The red and orange routes cover the district of Ciutat Vella (Old City) which comprises the neighbourhoods of Barri Gòtic, El Raval, Sant Pere, Santa Caterina i La Ribera and La Barceloneta (http://bit.ly/BCNdistricts)
The RED route departs from the Columbus Statue and takes you through the Maremagnum Port Complex, the Barceloneta -the late 1700s neighbourhood created at the beachfront as a results of the citizens of La Ribera being displaced due the construction of La Ciutadella military citadel after the city fell to the Spanish king Philip V in 1714 (fortunately these days most of this citadel does no longer exist). Then a bit of the beach front and then towards the area of El Born in La Ribera neighbourhood, then Sant Pere i Santa Caterina and the Barri Gòtic neighbourhoods.

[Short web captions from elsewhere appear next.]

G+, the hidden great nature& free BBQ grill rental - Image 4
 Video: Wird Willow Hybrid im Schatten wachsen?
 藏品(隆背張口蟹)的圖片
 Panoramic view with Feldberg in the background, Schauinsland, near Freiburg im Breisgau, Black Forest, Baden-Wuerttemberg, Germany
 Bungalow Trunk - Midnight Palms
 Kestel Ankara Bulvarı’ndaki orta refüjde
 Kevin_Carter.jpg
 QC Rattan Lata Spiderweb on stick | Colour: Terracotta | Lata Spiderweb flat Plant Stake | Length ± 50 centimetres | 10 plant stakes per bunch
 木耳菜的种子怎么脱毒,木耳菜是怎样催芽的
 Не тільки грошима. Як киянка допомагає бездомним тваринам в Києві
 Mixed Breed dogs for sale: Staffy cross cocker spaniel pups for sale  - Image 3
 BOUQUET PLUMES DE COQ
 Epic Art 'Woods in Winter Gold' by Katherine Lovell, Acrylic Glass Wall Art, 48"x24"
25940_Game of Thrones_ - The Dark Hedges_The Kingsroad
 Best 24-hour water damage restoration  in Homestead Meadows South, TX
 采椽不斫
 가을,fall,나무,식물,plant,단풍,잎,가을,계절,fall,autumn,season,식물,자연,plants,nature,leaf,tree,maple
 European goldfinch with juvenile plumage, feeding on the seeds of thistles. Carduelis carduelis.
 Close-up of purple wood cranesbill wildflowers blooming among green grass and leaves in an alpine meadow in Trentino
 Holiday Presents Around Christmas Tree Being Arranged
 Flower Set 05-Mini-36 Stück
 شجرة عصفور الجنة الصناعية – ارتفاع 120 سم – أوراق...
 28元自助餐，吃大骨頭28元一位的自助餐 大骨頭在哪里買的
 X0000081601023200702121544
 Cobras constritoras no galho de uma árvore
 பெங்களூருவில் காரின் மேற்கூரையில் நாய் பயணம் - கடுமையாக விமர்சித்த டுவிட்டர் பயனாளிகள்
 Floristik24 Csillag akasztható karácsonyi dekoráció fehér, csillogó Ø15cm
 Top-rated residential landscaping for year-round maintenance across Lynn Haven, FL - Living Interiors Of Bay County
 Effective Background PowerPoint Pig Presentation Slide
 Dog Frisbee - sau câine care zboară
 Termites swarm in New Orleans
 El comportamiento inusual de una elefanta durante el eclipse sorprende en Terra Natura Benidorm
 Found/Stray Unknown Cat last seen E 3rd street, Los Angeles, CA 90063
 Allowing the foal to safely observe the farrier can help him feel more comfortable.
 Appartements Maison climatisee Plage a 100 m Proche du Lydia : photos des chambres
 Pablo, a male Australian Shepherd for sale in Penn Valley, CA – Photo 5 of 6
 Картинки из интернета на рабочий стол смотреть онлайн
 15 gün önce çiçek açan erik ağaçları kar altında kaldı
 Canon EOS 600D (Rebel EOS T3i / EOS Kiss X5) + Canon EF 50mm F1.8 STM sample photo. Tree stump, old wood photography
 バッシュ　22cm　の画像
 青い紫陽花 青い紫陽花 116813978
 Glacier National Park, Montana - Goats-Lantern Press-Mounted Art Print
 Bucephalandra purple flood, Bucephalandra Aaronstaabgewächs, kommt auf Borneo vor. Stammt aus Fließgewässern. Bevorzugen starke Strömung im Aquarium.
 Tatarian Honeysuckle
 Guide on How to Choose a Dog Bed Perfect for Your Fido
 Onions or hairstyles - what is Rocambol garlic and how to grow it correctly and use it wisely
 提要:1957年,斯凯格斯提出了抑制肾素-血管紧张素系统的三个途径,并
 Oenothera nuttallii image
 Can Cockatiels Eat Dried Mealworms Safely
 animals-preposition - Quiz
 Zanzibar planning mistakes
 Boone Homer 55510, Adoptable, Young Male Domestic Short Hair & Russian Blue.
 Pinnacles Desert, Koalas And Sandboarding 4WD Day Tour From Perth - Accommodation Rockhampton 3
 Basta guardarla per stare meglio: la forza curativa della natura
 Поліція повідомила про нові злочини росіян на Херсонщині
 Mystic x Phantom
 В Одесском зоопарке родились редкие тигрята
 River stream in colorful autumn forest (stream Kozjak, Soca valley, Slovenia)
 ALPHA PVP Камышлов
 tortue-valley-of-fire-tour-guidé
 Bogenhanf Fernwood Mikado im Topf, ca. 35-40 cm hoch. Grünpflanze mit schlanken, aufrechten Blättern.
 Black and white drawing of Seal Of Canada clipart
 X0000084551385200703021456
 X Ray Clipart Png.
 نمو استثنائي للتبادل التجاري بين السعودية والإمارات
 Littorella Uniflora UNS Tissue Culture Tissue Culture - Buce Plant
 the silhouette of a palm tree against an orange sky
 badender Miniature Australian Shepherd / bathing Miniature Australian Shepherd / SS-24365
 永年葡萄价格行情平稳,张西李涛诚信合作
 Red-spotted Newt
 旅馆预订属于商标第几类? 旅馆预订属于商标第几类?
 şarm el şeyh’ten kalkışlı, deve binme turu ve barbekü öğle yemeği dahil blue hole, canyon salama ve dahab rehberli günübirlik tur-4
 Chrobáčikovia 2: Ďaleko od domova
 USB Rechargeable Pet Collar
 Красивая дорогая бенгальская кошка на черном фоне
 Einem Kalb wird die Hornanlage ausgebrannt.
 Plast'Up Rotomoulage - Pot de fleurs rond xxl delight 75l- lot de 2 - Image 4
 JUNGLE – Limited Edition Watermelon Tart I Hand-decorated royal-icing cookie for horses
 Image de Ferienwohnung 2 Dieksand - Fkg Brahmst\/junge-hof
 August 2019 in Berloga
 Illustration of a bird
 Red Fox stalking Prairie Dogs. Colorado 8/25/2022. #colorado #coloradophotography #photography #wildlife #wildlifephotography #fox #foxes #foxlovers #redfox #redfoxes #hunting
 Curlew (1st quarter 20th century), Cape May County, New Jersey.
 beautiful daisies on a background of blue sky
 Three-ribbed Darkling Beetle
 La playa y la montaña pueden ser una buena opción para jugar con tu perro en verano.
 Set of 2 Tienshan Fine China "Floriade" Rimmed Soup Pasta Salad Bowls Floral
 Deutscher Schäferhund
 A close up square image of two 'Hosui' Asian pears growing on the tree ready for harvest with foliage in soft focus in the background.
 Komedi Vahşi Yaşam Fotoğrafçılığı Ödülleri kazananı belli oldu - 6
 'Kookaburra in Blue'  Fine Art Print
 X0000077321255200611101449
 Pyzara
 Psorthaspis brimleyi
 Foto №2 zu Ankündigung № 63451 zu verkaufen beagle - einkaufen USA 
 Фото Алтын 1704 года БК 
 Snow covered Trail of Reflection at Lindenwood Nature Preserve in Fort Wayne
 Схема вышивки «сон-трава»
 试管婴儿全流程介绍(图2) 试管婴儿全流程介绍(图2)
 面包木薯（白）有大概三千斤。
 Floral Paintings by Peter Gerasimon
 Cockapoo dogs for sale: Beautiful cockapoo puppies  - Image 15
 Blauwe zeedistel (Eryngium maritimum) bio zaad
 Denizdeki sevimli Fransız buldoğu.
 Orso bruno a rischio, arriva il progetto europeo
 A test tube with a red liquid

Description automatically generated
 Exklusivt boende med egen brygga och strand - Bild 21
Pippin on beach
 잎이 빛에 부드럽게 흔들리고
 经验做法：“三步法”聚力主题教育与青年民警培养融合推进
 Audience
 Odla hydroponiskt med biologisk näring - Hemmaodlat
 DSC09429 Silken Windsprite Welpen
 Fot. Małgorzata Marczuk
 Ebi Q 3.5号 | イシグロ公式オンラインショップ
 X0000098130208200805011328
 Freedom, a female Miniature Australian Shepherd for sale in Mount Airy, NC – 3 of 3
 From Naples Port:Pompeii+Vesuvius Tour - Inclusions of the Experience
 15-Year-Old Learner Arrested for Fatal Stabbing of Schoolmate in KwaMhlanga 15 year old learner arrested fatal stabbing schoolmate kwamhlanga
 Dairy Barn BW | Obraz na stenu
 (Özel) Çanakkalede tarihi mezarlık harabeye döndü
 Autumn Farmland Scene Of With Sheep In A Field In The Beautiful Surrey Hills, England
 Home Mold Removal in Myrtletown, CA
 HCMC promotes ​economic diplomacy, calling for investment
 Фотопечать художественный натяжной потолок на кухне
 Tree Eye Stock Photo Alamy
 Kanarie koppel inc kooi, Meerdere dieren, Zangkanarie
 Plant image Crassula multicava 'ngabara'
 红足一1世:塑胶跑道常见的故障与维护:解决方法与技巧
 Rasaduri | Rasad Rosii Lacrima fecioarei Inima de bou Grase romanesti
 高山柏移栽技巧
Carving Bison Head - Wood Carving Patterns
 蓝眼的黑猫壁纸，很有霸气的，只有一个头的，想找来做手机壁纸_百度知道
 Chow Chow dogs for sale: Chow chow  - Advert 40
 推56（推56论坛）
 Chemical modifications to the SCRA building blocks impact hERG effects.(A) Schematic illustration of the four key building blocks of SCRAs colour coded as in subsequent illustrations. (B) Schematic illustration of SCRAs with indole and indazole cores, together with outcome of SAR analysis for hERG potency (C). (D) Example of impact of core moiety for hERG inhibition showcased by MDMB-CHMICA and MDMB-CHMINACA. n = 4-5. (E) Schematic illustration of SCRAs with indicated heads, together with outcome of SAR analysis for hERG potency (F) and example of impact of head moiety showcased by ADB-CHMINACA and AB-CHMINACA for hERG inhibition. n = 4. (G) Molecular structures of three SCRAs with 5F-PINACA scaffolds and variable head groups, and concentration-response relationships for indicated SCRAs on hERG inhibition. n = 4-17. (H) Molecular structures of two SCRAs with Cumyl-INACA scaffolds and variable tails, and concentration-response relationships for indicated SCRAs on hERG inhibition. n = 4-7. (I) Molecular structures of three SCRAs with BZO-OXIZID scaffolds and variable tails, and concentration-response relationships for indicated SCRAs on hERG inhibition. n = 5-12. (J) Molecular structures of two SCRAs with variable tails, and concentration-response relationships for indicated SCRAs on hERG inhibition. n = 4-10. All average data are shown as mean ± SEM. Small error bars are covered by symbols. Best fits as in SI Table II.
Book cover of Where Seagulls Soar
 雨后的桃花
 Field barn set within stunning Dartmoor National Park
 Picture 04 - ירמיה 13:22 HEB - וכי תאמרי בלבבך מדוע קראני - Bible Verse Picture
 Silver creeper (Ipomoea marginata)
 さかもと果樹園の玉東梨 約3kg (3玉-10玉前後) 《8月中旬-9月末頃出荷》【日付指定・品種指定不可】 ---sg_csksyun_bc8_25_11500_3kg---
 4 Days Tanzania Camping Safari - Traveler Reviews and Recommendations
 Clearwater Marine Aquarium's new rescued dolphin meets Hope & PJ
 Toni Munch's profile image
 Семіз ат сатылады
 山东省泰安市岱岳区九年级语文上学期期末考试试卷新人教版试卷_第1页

Over 2000 years of history are packed within these three neighbourhoods and gather the most important buildings in the history of Catalonia some of which still are, from the remains of the Roman Temple of August to the medieval Palau Major where the Catalan kings have resided for centuries or the Palau de la Generalitat -roughly our equivalent to 10 Downing St or 1600 Penn Ave in DC- where the office of the president of Catalonia is located. The overall distance is 10.5km (6.5 miles) but this route is an extended one as is by far the most dense given the sheer number of things to see and to do, and all these alongside numerous shops, bars and other worthwhile visiting establishments, so plan for a good 6-8 hours at a relaxed path. Note this is a very dense area so don't be fool when planning your timings by the relatively short distances when looking at your map. This route includes, among many other: La Catedral de Santa Eulàlia, Santa Maria del Mar, La Ciutadella, Plaça Reial, Plaça Sant Felip Neri, Plaça Sant Jaume, Temple d'August, Plaça del Rei, La Rambla, Palau de la Música Catalana, Columbus statue, El Born, the beaches at La Barceloneta, Museu Marès, la Muralla Romana, etc...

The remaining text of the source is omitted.